SIGNIFICANCE: RENO V. ACLU
Case Name: Reno v. American Civil Liberties Union
Citation: 521 U.S. 844 (1997)
Topics: Obscenity; Indecency; Time, Place and Manner Regulations; Regulations of Online Speech
The ACLU (www.aclu.org) challenged the constitutionality of the Communications Decency Act (CDA) provisions seeking to protect minors from harmful material on the internet. The first of the challenged provisions of the CDA (§223(a)) criminalized the transmission of obscene or indecent messages to anyone under age 18. The second provision (§223(d)) prohibited the transmission or display to anyone under age 18 of a message “that, in context, depicts or describes, in terms patently offensive as measured by contemporary community standards, sexual or excretory activities or organs.”
The Court ruled:
- The challenged provisions were facially overbroad in violation of the First Amendment.
- The provisions of the CDA prohibiting transmission of obscene, indecent, or “offensive” communications through the internet to persons under age 18, were content-based restrictions on speech, and, as such, were not valid as time, place, and manner regulations.
- The Court rejected the government’s argument that the CDA should be analyzed as a time, place, and manner regulation because it left open alternate channels through which the prohibited communication could occur.

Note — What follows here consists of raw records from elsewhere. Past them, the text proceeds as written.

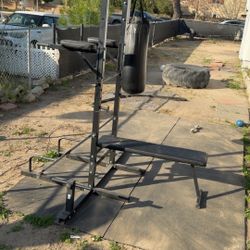 Weight With Bench And Pullup Bar And Punching Bag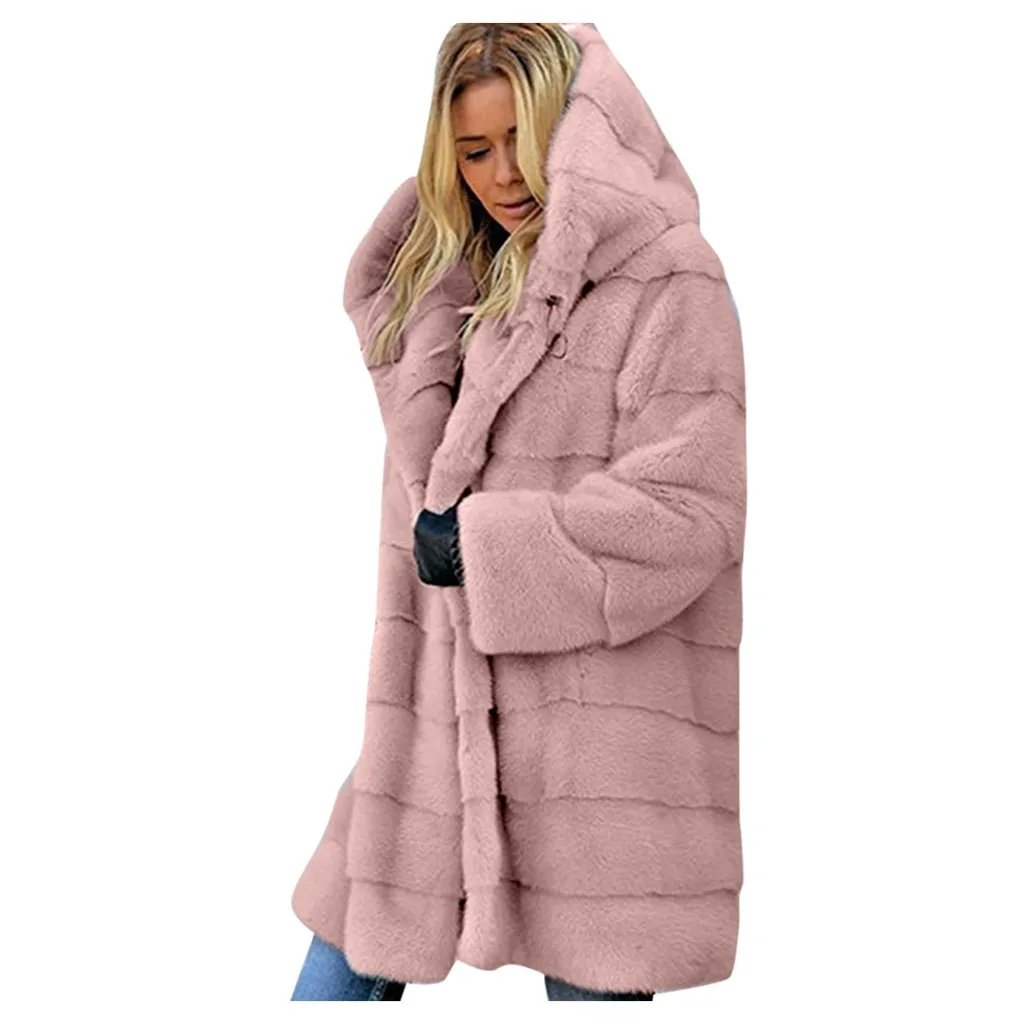Розовый Vintage fluffy hoodie faux fur coat women Winter grey jacket coat female Plus size warm long casual outerwear overcoat - Цвет: Розовый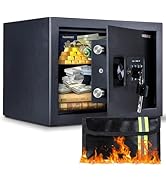 Safe Box, 0.8 Cubic Feet Home Safe, Electronic Digital Keypad, Alarm System, W/Fireproof Bag, Rem...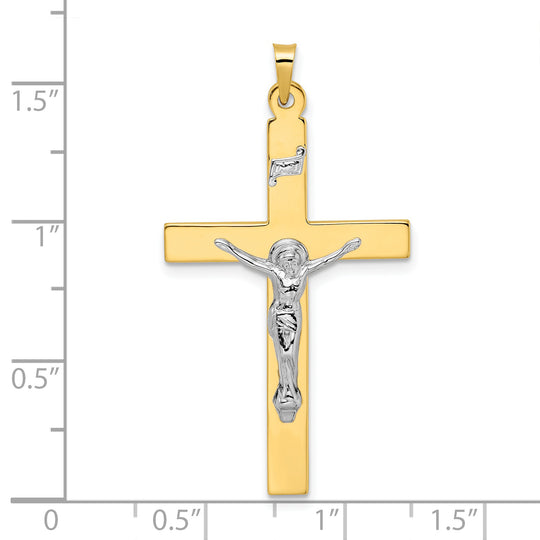 Colgante de Crucifijo INRI Sólido en Oro de 14k Bicolor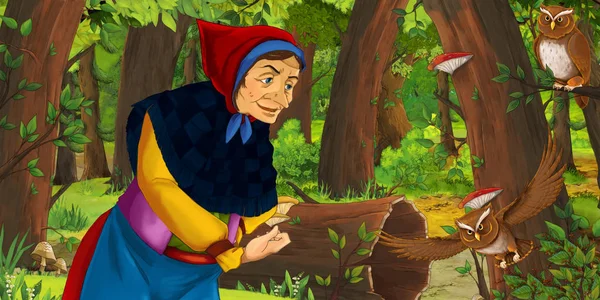 Tecknad Scen Med Happy Old Woman Witch Sorceress Skogen Möter — Stockfoto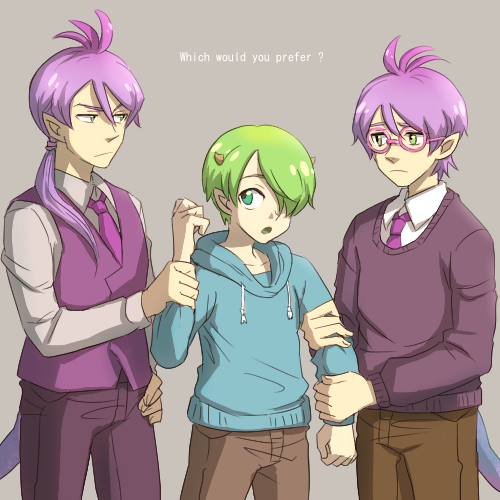 3boys, blue_eyes, dual_persona, green_eyes, green_hair, hair_over_one_eye, hoodie, horns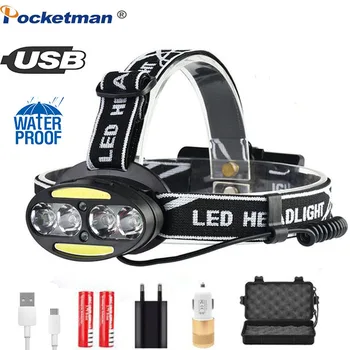 

Super Headlight Bright Lumen headlamp 4*XM-L T6 +2*COB+2*Red LED Head Lamp Flashlight Torch Lanterna with batteries charger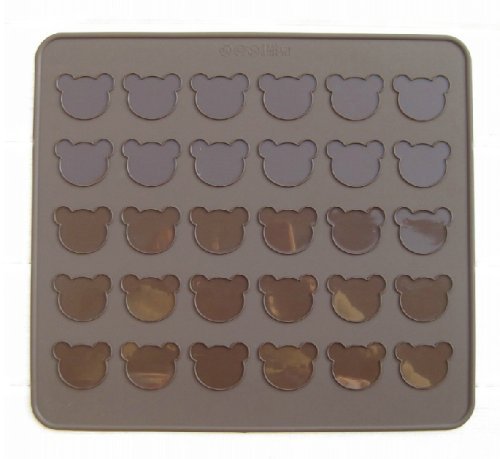 Allforhome(TM) 30-tray Bear Head Silicone Macaroon Mat Homemade Pastry Cookie Sheet Baking Mat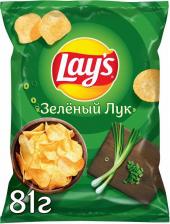 Чипсы, сухарики Lay's Чипсы картофельные зеленый лук, 81 г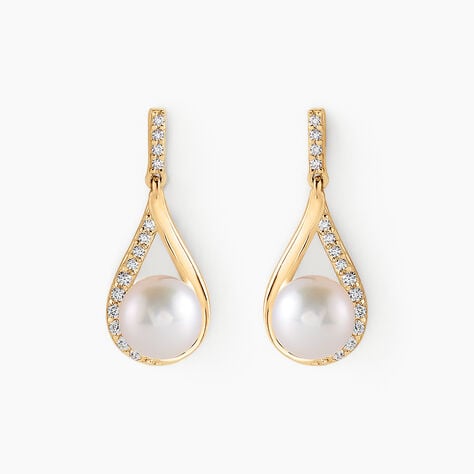 Boucles D'oreilles Pendantes Helin Or Jaune Perle De Culture Et Oxyde - Boucles d'oreilles pendantes Femme | Histoire d&rsquo;Or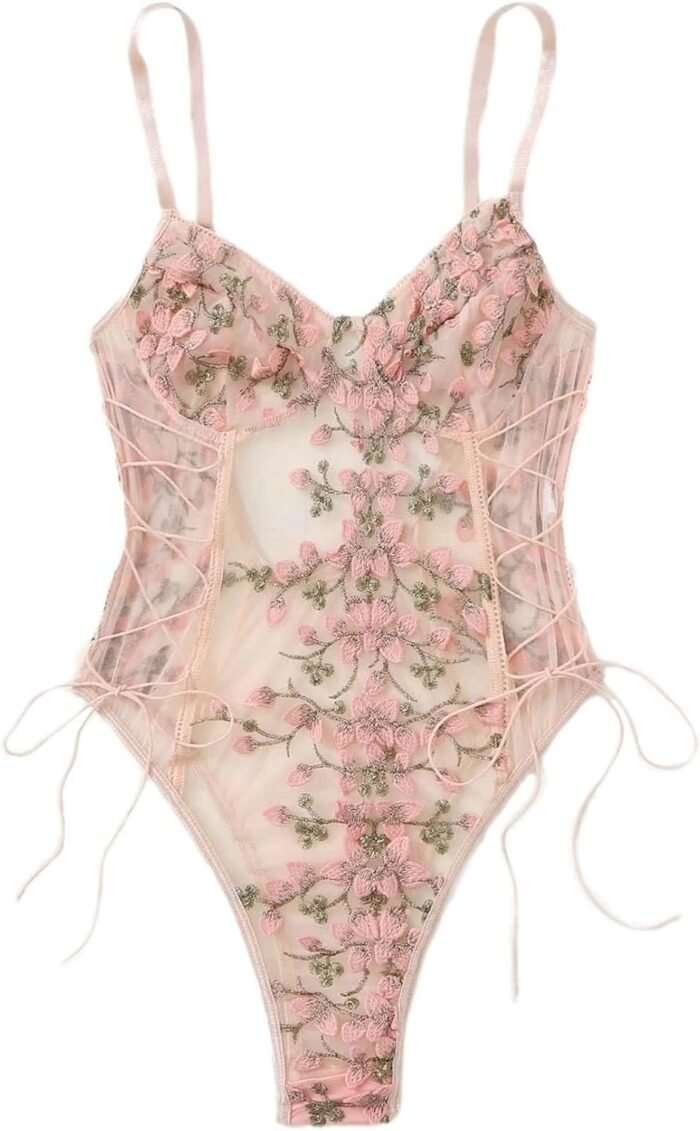 Lilosy Women Sexy Lace Up Floral Embroidered Teddy Lingerie Bodysuit Top Mesh Sheer One Piece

- The provision §223(a), prohibiting transmission of obscene or indecent communications through the internet to persons under age 18, could be saved from the overbreadth challenge by severing “or indecent” from statute. The Court struck “or indecent,” and allowed the remaining parts of §223(a) addressing obscene communications to stand. Obscenity is not entitled to any protection under the First Amendment.

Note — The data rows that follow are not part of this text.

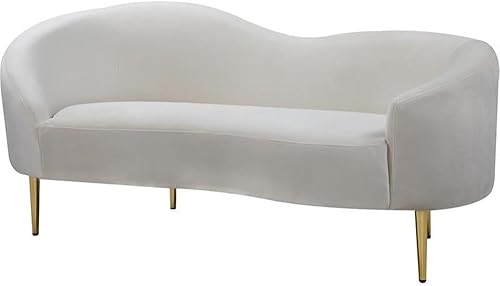 Meridian Furniture Ritz Collection Modern Sofá biplaza tapizado de terciopelo contemporáneo con patas de metal resistentes en acabado dorado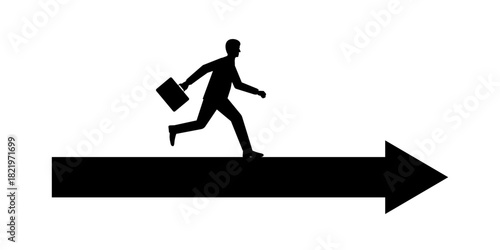 Businessman Running on Arrow toward Success Silhouette. Goal Achievement and Success Business Concept.   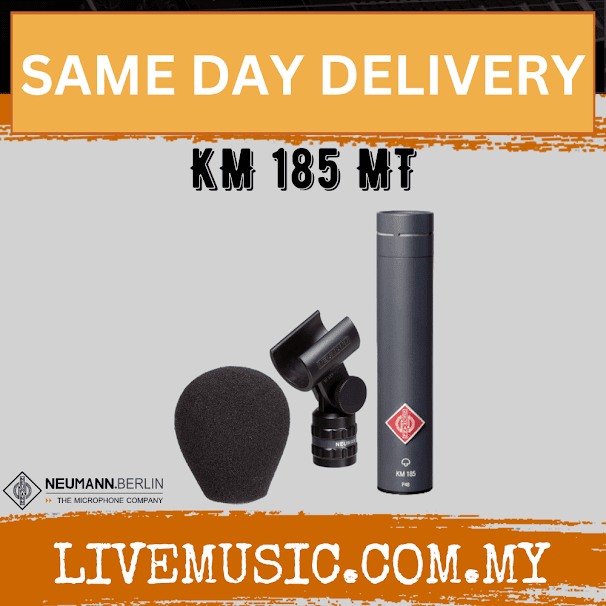 Neumann KM 185 Small Diaphragm Hypercardioid Condenser Microphone - Matte Black/Nickle (KM185 KM-185)
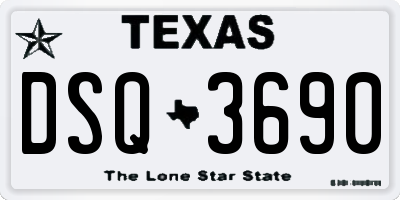TX license plate DSQ3690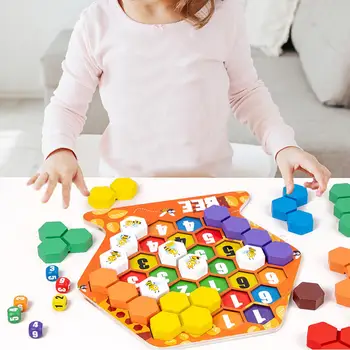 Pisane Lesene Puzzle Število Tekmo Čebel Igra Geometrijske Oblike Izobraževanja Inteligence Igrače Montessori Igrače Za Otroke 4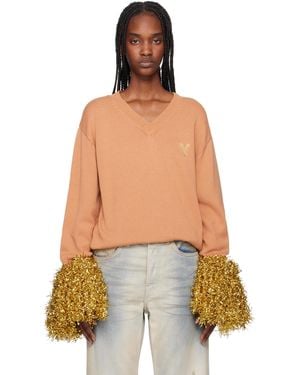 Doublet Pull Brun Clair À Garnitures De Style Pompon De Cheerleading - Bleu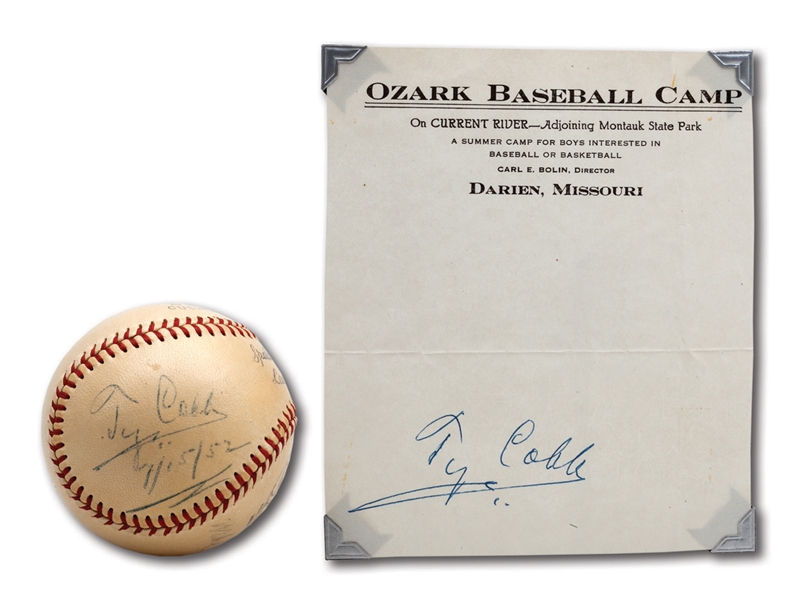 7/15/1952 TY COBB SIGNED & INSCRIBED BASEBALL (PLUS 5 OTHER SIGS.) AND SIGNED OZARK BASEBALL CAMP STATIONARY WITH EXCELLENT PROVENANCE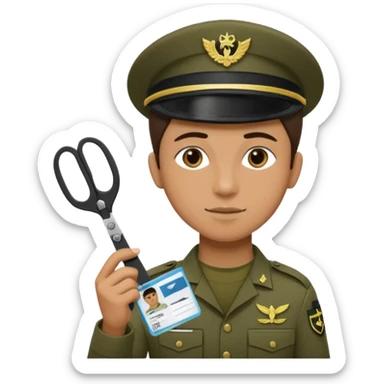 Floating black Scissors cutting in half an idf soldier ID card with a little chip in 2 parts sticker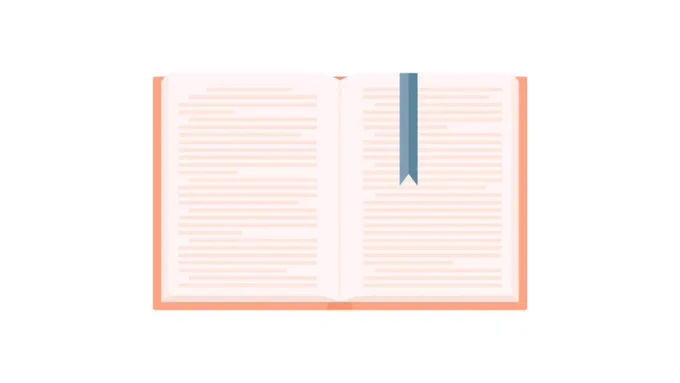 An illustration of a flat open book with an orange cover, with a blue ribbon-like bookmark marking the page it is open to.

- The provision §223(d), prohibiting the transmission or display of messages “patently offensive” according to community standards, was struck down entirely. The Court found the “patently offensive” standard overly broad and vague in comparison with the Miller test for obscenity. It was not limited by the requirements that protect individuals from the infirmities of the community standards prong, namely, that the sexual conduct be specifically defined and the work, taken as a whole, lacks serious literary, artistic, political, or scientific value.
- The Court did not fully consider the constitutionality of the community standards test contained in the CDA. When assessing the overbreath and vagueness of the provision, the court considered that, “the ‘community standards’ criterion as applied to the Internet means that any communication available to a nation wide audience will be judged by the standards of the community most likely to be offended by the message.”

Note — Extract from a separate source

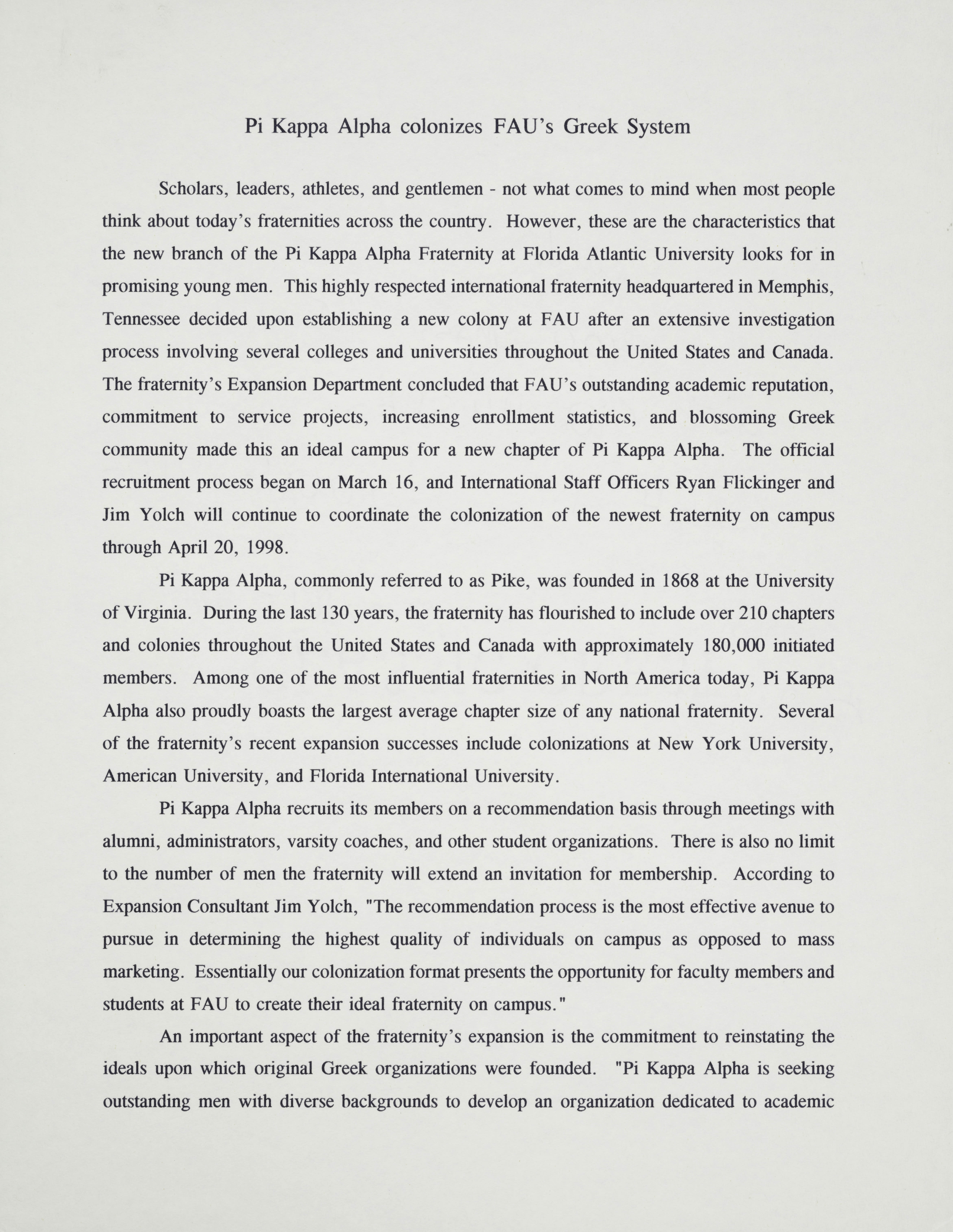 Pi Kappa Alpha Colonizes FAU's Greek System, c. 1990s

The full statutory provisions are located in the statute 47 USCA §223 (Chapter 5). Relevant cases: Ashcroft v. American Civil Liberties Union, 535 U.S. 564 (2002) (challenging the Child Online Protection Act (COPA)).
This case is significant because it does not rule out the prohibition of “obscene” images from transmission through the internet. Rather, the case indicates that such a prohibition must be specific and in line with its ruling in Miller v. California.